Tuesday, April 20, 2010

Dark matter may give neutron stars black hearts



DARK matter may be prompting black holes to appear spontaneously in the hearts of distant exotic stars. If so, this could hint at the nature of dark matter.

Arnaud de Lavallaz and Malcolm Fairbairn of King's College London wondered what would happen when dark matter - which makes up most of the mass of galaxies - is sucked into the heart of neutron stars. These stars, the remnants of supernova explosions, are the densest known stars in the universe. It turns out that the outcome depends on the nature of dark matter.

Most of the favoured theories of dark matter suggest each particle of the stuff is also an antiparticle, meaning that they should annihilate each other when they meet. But Fairbairn and de Lavallaz considered a dark matter particle of a different type, which is not also its antiparticle.

The pair calculated what would happen if dark matter particles like these were attracted by the intense gravity of neutron stars. Because they would not annihilate each other, the dark matter particles would end up forming a smaller, dense star at the heart of the neutron star. If the neutron star were near the centre of the galaxy, for example, and surrounded by an abundance of dark matter, then it would continue to accrete dark matter.

Eventually, the mass of the dark matter star would exceed its "Chandrashekar limit" - beyond which a star cannot withstand gravitational pressure. The dark matter star would collapse into a black hole. "Then the neutron star won't be able to survive anymore, and it'll collapse too," says Fairbairn. "It would be pretty catastrophic."

Their calculations show that if a neutron star collapsed in this way the result would be a burst of gamma rays, which could be spotted from Earth (arxiv.org/abs/1004.0629).

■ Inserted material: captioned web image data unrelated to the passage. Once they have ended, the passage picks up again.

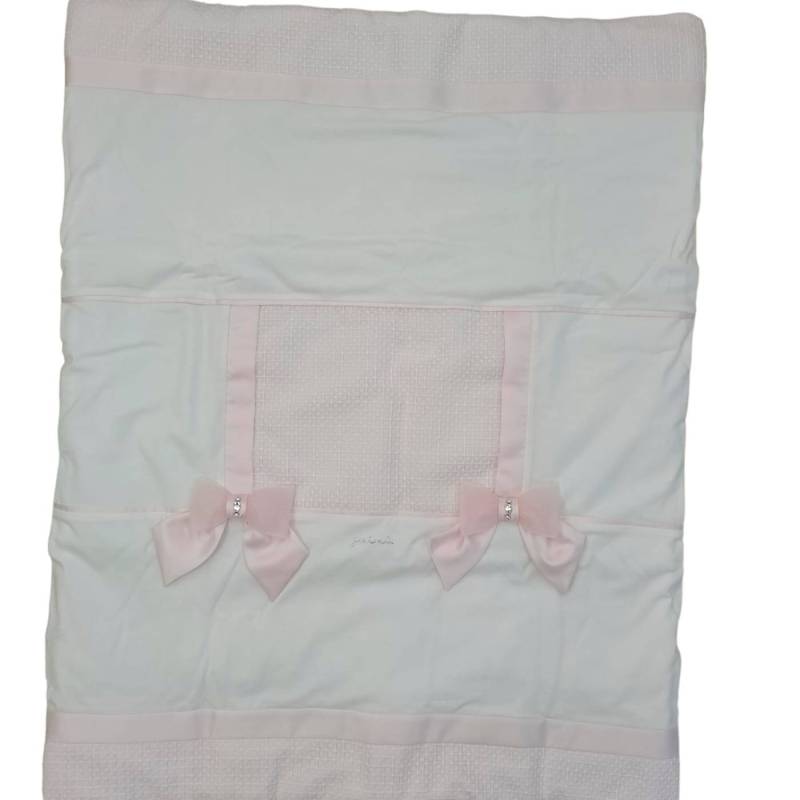 Neugeborenes Babykleid Minù aus Baumwolle - 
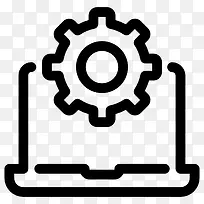 笔记本电脑图标-空若网 笔记本电脑图标-空若网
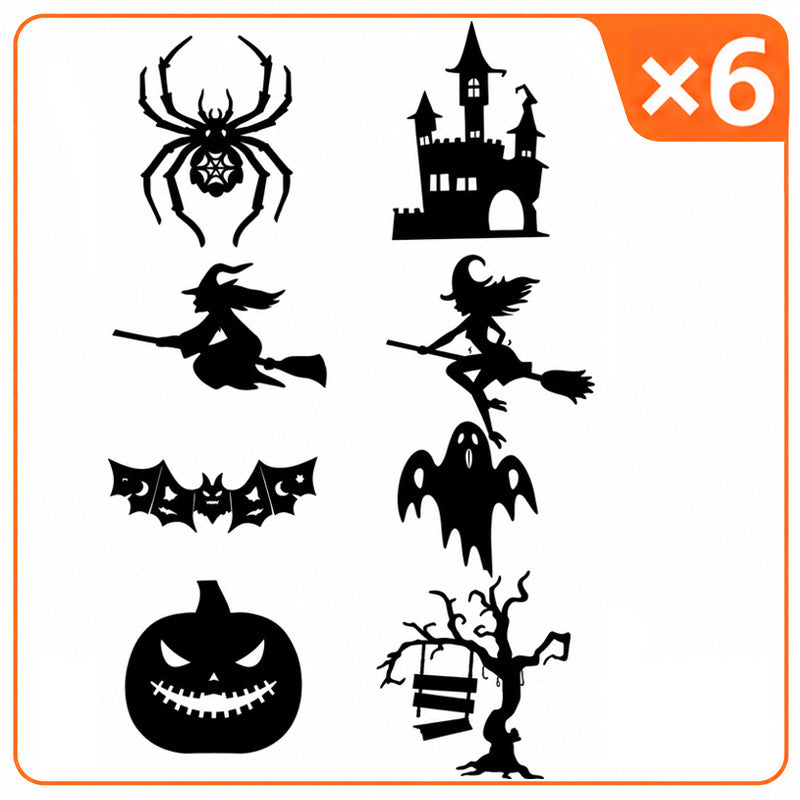 Halloween Glow in Dark Wall Stickers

Various underground experiments back on Earth have been trying to detect dark matter, using different techniques. While none of the major experiments have seen anything yet, physicists running the Dark Matter (DAMA) experiment inside the Gran Sasso mountain in Italy have been saying for some time that dark matter particles are hitting their detector. Most physicists are sceptical of the DAMA results because it doesn't sit well with favoured theories on the nature of dark matter.

Fairbairn says that the DAMA experiment could be sensitive to dark matter particles that do not self-annihilate, which might explain why it is seeing something and others are not.